With runners on first and second, the batter hit a double. After the runner on second scored, the throw to home rolled away from the catcher, toward the batting team's bench. It came to a stop close to or right under the bench, depending upon one's angle of view. The umpire, who aligned himself to see where the ball went, remained silent.
Members of the batting team yelled, "Out of play!" and told the runner on first, who had reached third, to advance home, and the batter to advance from second to third.
The catcher retrieved the ball and threw to the pitcher, covering home. The pitcher ran up the third base line, tagged the runner walking home and then threw to third, where a tag was applied to the batter-runner before he reached third base.
The offense contended that the ball went out of play and it had two runs in and a runner on third. The defense contended that it had a cool double play.
The umpire contended that the ball did not go out of play; it only reached the line, hence he made no call initially.
Due to the "confusion," however, the umpire ruled that one run scored, the runner originally on first was sent back to third and the batter-runner sent back to second.
It may have been a compromise worthy of Henry Clay, but was it the correct ruling?
I will have a follow-up question to this.
As always, thank you for your help!
Sincerely,
Ken Boos
Answer
Good morning Ken,
Sounds like you had a mess!
You ask me if it was the correct ruling, based on the info I have here...NO, and here's why.
If a ball goes out of play an umpire should immediately signal dead ball...that didn't happen here so we continue to have a live ball. The umpire is correct that if the ball was on the line it continues to be a live ball.

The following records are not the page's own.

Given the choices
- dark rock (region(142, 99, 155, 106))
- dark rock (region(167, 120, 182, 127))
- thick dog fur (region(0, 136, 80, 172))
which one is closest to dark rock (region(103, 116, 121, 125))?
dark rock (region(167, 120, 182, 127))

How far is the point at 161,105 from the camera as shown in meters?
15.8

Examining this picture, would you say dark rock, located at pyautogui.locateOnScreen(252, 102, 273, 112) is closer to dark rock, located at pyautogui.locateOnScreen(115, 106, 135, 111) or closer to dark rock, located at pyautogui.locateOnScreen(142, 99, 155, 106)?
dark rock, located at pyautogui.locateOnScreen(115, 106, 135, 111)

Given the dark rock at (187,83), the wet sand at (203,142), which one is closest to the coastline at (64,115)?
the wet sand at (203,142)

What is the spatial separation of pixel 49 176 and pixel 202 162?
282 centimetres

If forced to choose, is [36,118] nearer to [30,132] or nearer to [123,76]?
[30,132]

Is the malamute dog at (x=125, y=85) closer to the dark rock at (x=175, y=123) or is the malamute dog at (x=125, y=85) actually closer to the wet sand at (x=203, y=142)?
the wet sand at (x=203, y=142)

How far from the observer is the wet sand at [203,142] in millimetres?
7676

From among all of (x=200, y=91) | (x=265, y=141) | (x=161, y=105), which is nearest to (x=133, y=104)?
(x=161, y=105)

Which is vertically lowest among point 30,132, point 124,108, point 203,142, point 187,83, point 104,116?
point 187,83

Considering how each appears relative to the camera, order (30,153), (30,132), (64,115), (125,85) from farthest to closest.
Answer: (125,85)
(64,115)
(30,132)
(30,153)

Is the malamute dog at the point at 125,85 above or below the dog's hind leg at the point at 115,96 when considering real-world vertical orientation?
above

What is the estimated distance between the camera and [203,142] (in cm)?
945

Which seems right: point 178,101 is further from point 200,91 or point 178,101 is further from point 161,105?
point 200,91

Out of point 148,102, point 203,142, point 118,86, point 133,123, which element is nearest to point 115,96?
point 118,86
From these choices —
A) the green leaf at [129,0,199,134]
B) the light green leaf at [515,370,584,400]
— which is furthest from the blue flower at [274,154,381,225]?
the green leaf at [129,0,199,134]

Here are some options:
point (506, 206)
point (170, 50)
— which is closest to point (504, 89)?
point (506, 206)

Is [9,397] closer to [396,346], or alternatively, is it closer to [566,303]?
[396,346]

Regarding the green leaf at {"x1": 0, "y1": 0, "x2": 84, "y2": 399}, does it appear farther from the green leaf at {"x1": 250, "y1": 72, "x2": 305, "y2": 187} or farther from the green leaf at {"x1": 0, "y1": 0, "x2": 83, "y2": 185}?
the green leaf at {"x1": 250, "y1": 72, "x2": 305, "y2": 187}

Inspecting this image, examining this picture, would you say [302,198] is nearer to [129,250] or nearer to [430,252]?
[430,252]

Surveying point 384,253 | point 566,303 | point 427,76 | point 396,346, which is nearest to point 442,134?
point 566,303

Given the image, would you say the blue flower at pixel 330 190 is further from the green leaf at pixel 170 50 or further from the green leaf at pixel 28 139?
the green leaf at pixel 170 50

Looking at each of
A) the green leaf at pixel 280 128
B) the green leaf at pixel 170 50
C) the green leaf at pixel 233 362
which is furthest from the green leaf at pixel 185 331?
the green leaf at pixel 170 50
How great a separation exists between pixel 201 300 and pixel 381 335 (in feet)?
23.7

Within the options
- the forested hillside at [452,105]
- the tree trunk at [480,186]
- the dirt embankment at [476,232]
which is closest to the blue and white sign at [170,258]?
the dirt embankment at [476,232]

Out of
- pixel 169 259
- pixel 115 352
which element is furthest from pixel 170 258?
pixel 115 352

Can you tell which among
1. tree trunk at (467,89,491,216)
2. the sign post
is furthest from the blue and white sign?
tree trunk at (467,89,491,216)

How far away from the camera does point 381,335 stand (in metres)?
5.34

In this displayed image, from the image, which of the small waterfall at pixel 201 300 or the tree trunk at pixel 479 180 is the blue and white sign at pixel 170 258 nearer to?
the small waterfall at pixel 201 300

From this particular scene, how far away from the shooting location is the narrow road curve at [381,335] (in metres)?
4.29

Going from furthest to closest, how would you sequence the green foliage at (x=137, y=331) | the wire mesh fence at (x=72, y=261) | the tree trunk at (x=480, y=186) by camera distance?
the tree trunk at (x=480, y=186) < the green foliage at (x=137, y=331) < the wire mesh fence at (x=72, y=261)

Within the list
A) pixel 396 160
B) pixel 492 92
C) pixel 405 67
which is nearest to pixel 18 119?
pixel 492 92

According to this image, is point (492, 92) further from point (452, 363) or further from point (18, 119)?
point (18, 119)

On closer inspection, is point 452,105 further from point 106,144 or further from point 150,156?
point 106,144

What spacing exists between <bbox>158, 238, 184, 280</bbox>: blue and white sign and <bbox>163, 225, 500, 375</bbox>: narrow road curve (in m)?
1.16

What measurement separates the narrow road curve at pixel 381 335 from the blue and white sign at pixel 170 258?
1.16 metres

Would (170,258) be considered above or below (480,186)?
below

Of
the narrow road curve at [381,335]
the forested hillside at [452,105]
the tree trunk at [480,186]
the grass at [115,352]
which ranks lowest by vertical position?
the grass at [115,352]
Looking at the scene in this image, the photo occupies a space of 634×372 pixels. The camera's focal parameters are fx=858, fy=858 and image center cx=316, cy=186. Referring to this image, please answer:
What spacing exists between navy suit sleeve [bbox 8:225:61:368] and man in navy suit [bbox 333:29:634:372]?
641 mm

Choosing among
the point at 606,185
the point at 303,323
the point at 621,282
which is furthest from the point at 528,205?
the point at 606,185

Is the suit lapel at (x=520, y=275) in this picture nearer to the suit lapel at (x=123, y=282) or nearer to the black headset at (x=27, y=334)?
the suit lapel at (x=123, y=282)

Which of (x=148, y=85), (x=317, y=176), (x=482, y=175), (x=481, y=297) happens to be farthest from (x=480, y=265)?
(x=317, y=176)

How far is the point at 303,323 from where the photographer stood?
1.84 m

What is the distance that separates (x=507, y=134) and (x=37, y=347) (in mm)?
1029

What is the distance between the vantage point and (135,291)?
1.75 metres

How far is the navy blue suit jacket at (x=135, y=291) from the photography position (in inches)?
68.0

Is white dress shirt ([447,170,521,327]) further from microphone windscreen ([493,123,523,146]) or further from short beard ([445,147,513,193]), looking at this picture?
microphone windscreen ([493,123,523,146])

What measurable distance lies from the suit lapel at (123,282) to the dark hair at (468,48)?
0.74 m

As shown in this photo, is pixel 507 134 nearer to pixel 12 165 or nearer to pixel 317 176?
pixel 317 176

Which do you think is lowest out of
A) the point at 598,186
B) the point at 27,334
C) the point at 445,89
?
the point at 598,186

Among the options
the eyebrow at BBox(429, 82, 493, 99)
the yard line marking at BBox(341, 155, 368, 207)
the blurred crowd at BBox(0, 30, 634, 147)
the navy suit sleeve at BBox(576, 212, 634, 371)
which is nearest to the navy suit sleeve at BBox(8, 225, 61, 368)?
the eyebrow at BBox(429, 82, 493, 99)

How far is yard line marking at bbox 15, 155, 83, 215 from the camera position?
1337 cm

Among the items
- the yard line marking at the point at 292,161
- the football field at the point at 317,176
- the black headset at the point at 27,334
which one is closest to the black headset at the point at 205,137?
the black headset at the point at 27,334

The offense make a serious error by calling "out of play" and their runners responed without direction from the umpire. If the ball was out of play the umpire would have both arms up to signal "dead ball" and he would also be calling out "dead ball". The fact that the offense thought the ball was out of play has no bearing on what followed. The ball was live and it seems by your info play continued. If the umpire had responded to the offense by calling out "live ball" a few times that would have helped.

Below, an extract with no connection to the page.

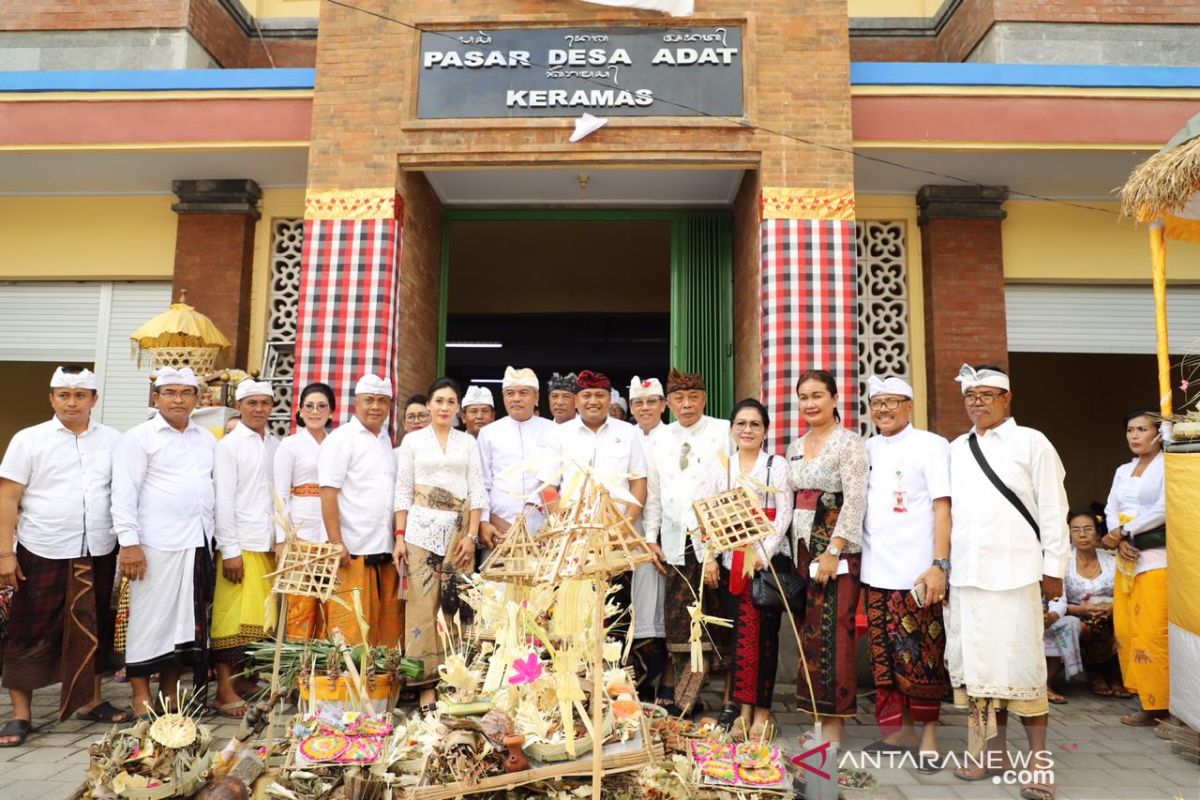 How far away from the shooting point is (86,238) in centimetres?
855

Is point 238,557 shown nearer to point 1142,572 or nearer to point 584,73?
point 584,73

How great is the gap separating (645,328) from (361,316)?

So my opinion is the defense has a double play.
Now Umpire Henry Clay makes a compromise....based on what? The ball was either live or dead and by your info he stated the ball was on the line and hence "live". If he had killed the ball immediately runners would have advanced based on the last base touched at the time of the throw. If after the play and he felt he put the runners at risk, he would have stated no, the ball was out of play and I was late in making the call he would have to advance the runners based on the throw. Neither of those things happened.
The run certainly scores and he seems to kill the play where it would have ended had the defense had simple control of the ball. A nice move if you can get away with it BUT the defense did not have control of the ball and play was allowed to continue.
Sometimes "stuff" just happens but that doesn't mean rules don't apply. If the umpire felt the ball was live he did not put the runners at risk the offense did,
To summarize...(based on your info) the ball was live, play continued, the offense made an error by calling out "out of play" and the runners responded without an umpire's direction, the umpire could have handled it better by making his opinion of live ball clearer,...but double play and the offense has to live with it.